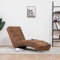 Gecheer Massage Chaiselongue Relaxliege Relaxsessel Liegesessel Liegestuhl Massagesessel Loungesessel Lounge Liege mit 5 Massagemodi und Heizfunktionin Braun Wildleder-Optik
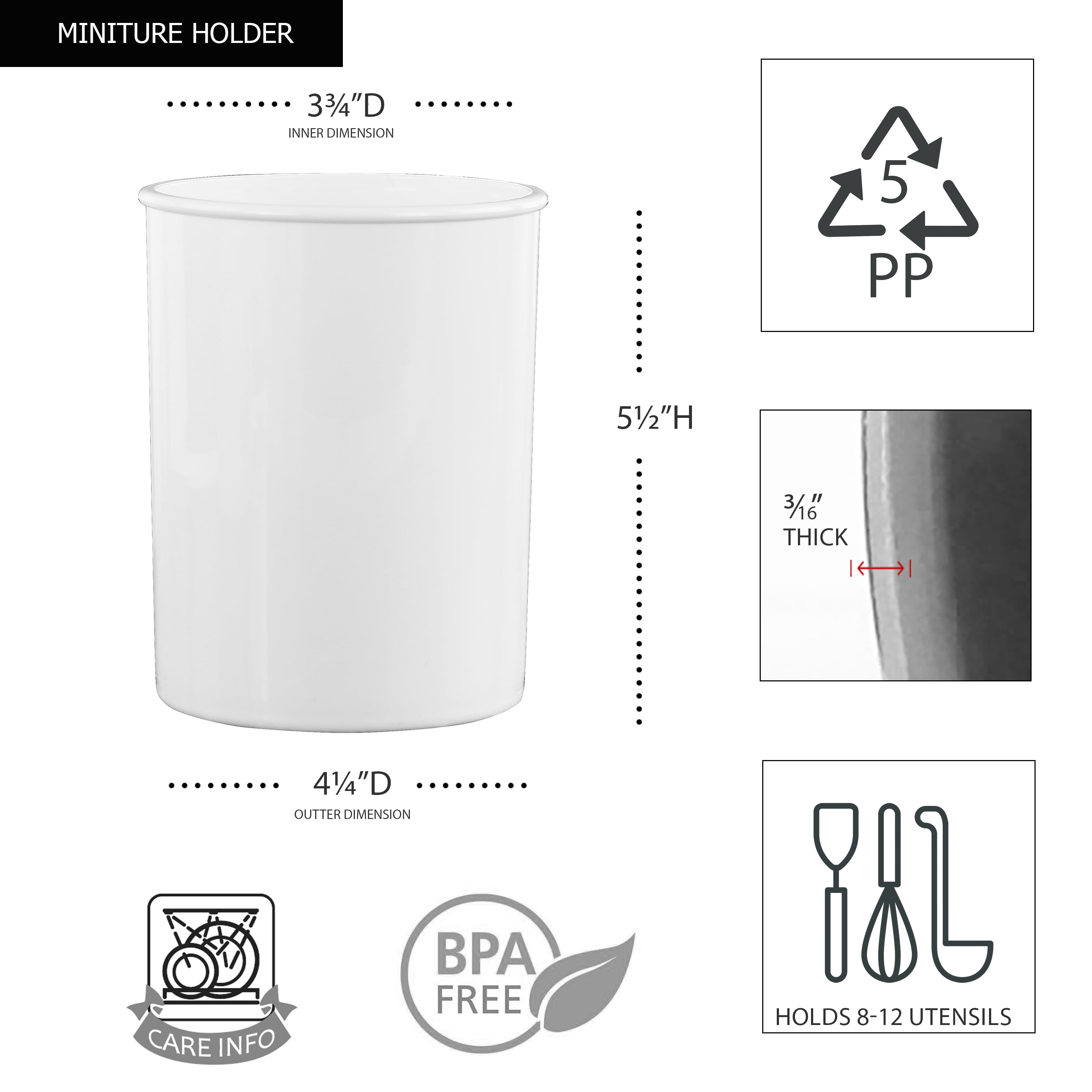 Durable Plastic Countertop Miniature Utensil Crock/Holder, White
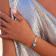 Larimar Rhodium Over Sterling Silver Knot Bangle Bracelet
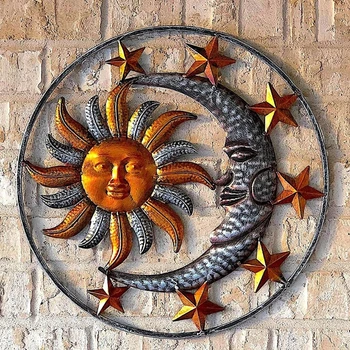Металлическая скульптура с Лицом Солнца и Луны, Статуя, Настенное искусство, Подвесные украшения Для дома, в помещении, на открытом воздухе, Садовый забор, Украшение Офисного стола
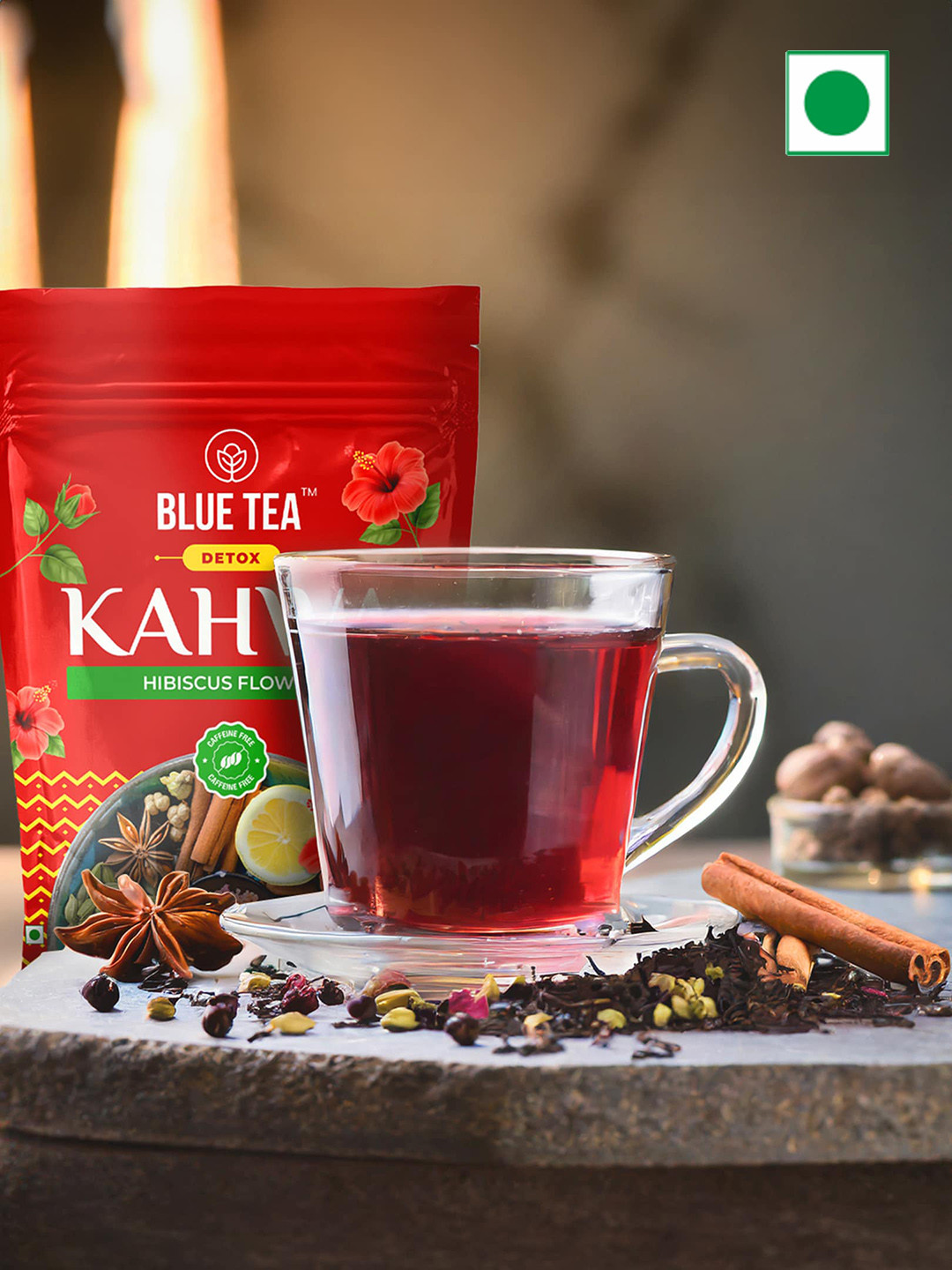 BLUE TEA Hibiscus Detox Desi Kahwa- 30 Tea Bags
------------------------
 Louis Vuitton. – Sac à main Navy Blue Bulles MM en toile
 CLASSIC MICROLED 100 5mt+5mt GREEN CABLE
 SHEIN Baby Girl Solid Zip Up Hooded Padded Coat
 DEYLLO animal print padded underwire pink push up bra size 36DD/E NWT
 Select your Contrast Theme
------------------------
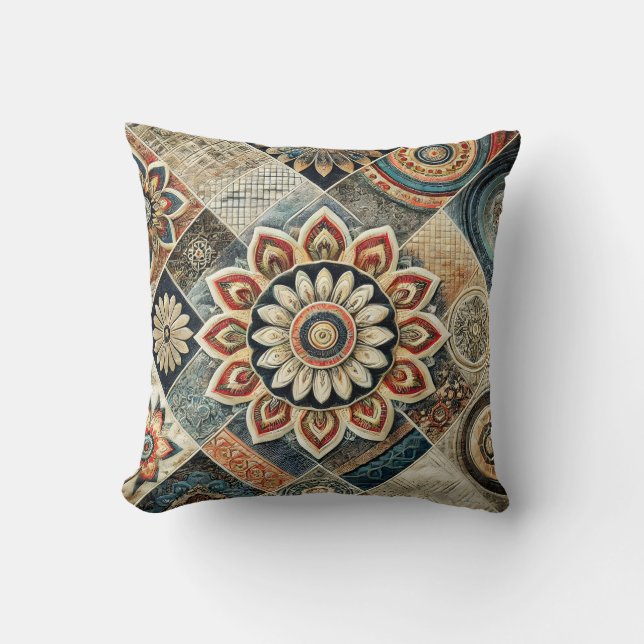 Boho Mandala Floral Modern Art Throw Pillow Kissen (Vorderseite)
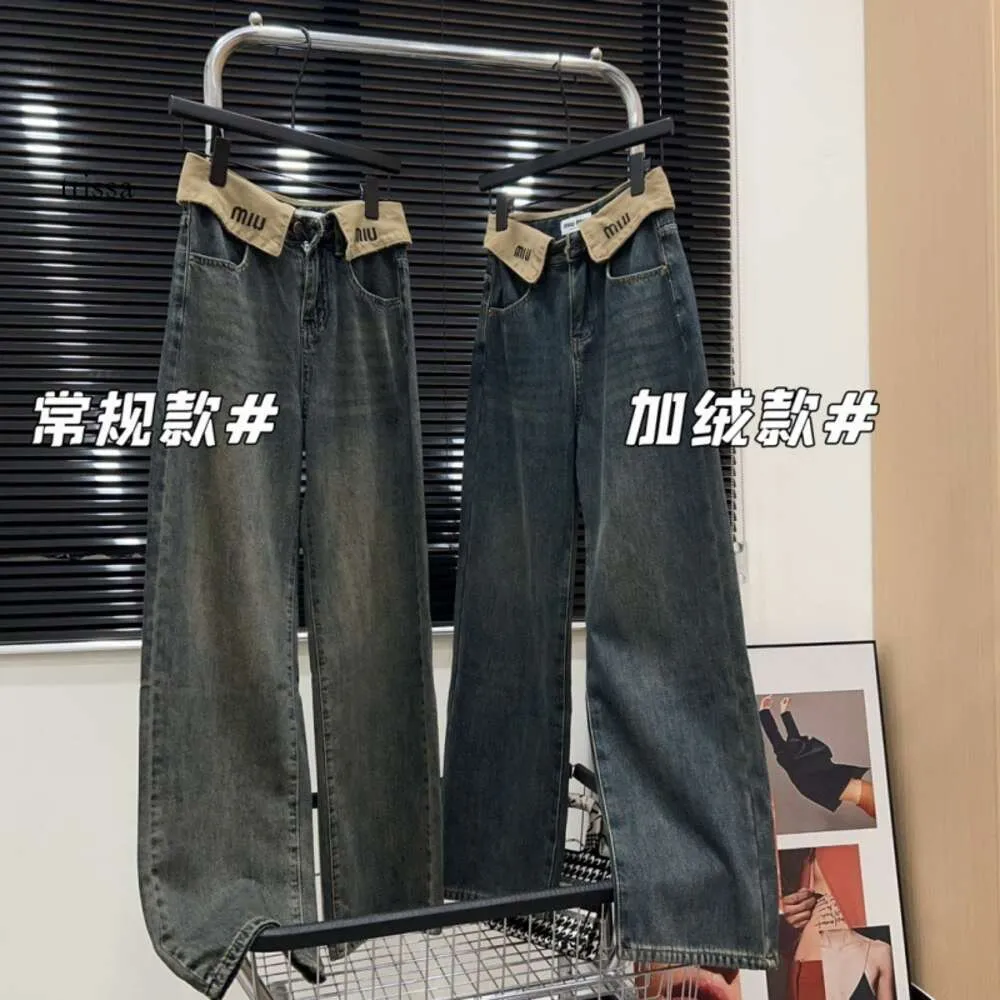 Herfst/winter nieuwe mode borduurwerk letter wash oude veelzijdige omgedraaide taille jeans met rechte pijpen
------------------------
§ Exercise objective: Given the listing above, retype only the span of lines from the line with "Boho Mandala Floral" up to and including the line with "Herfst/winter nieuwe mode", exactly as it stands and without pictures.

§ Result:
 Boho Mandala Floral Modern Art Throw Pillow Kissen (Vorderseite)
 Herfst/winter nieuwe mode borduurwerk letter wash oude veelzijdige omgedraaide taille jeans met rechte pijpen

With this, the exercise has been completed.